■ **ABOUT THIS EXERCISE**
Find the lines below that contain the string "Gold". Copy each one.

■ **INPUT FOR THIS TASK**
=== Begin Enclosure ===
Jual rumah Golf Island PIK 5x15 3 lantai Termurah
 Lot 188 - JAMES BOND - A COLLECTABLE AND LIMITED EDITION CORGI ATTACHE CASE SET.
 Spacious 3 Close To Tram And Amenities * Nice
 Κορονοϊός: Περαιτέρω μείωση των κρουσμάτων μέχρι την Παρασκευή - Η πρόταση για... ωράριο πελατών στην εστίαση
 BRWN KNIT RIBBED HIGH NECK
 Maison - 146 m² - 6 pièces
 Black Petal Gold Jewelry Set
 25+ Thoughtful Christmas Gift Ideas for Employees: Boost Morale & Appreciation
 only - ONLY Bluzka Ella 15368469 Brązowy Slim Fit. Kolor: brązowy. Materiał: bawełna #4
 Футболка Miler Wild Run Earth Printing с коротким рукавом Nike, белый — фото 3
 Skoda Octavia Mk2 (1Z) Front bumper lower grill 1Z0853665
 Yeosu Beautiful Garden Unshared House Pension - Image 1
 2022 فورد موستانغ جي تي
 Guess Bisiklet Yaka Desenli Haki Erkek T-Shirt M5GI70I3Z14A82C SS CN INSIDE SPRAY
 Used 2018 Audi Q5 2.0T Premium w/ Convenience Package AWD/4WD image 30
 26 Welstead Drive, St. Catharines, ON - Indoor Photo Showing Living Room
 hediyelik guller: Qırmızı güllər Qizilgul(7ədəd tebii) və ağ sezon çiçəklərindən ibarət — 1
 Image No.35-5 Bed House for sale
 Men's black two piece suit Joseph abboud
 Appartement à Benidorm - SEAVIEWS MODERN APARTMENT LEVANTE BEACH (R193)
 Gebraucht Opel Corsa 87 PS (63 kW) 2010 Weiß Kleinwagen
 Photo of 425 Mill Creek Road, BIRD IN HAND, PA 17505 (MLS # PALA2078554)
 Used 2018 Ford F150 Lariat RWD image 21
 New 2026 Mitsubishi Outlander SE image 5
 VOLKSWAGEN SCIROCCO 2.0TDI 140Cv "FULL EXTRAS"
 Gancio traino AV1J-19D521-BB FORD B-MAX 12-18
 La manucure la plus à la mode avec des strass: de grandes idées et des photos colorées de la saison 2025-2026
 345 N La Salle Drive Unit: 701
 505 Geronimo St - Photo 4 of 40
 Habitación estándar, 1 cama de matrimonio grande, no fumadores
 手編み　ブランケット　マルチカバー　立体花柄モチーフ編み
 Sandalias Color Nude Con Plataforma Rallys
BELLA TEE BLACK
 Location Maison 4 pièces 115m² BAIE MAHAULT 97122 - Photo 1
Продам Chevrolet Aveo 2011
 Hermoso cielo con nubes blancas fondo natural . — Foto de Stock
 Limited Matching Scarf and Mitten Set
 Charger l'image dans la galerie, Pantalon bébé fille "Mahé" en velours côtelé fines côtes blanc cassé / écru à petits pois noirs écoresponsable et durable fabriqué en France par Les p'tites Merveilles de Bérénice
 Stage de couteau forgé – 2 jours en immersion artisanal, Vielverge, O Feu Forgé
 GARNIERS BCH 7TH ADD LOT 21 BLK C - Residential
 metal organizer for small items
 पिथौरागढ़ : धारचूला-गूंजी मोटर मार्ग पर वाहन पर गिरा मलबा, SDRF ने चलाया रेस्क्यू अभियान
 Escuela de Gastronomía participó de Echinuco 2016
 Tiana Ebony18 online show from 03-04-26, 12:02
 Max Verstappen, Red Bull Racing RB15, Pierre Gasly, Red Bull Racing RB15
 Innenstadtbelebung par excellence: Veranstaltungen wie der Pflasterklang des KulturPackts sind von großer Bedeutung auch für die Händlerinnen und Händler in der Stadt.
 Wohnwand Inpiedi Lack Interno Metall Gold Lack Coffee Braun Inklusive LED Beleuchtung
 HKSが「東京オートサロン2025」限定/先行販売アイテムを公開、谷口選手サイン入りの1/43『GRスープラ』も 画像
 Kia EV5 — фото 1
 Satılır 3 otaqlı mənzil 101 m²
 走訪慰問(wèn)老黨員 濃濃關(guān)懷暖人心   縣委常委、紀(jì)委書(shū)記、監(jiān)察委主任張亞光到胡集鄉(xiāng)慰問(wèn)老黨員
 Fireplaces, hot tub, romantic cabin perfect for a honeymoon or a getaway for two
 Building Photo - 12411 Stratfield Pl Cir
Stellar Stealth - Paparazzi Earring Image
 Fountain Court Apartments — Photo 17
=== End Enclosure ===
■ **REPLY**
 Black Petal Gold Jewelry Set
 Wohnwand Inpiedi Lack Interno Metall Gold Lack Coffee Braun Inklusive LED Beleuchtung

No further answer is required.